(Saved entries)
::::

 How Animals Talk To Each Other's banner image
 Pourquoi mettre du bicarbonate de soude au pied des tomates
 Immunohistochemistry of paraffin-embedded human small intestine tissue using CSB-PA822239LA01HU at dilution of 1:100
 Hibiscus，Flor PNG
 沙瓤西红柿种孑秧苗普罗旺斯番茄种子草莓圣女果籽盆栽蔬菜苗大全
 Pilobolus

::::

### What you have to do
Write out a word-for-word copy of every entry above.

### Exercise output
 How Animals Talk To Each Other's banner image
 Pourquoi mettre du bicarbonate de soude au pied des tomates
 Immunohistochemistry of paraffin-embedded human small intestine tissue using CSB-PA822239LA01HU at dilution of 1:100
 Hibiscus，Flor PNG
 沙瓤西红柿种孑秧苗普罗旺斯番茄种子草莓圣女果籽盆栽蔬菜苗大全
 Pilobolus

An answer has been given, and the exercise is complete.